Brief descriptive captions ->
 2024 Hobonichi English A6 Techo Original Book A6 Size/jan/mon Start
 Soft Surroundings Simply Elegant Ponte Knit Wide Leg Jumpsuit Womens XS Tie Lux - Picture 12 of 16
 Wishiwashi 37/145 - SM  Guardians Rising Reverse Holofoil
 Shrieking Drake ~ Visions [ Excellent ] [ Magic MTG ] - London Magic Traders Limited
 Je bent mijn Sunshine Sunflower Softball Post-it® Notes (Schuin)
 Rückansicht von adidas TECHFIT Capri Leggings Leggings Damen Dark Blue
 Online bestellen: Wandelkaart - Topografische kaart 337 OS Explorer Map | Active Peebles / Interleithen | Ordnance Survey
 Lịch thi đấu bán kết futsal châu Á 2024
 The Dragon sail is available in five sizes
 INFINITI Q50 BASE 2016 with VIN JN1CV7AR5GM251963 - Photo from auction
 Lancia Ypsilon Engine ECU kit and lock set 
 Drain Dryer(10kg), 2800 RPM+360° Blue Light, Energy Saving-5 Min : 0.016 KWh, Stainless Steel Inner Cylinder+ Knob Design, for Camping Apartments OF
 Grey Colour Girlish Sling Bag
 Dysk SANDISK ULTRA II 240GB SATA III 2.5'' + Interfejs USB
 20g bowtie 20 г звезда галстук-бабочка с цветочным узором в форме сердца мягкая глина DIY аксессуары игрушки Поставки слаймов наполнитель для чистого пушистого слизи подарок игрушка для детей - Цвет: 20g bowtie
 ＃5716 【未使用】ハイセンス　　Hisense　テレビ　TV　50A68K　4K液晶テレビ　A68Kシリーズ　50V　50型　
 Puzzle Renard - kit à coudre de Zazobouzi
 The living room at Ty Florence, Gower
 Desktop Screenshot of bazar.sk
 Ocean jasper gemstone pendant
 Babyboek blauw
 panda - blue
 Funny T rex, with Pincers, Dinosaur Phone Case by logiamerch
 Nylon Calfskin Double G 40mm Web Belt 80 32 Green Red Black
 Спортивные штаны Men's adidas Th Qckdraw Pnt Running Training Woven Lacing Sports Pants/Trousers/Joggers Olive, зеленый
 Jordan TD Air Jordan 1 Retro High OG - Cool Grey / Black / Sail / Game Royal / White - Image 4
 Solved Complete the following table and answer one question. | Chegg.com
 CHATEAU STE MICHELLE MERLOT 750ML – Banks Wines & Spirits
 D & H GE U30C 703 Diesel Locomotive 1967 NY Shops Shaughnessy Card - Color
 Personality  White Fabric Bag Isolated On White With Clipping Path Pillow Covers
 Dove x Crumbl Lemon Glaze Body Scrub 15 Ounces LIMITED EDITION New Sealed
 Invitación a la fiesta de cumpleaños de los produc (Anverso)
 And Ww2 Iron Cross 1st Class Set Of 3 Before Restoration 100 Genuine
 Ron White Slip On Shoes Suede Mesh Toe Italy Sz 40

The problem ->
Look above for every line with the word "White" and copy it.

Finished exercise ->
 Jordan TD Air Jordan 1 Retro High OG - Cool Grey / Black / Sail / Game Royal / White - Image 4
 Personality  White Fabric Bag Isolated On White With Clipping Path Pillow Covers
 Ron White Slip On Shoes Suede Mesh Toe Italy Sz 40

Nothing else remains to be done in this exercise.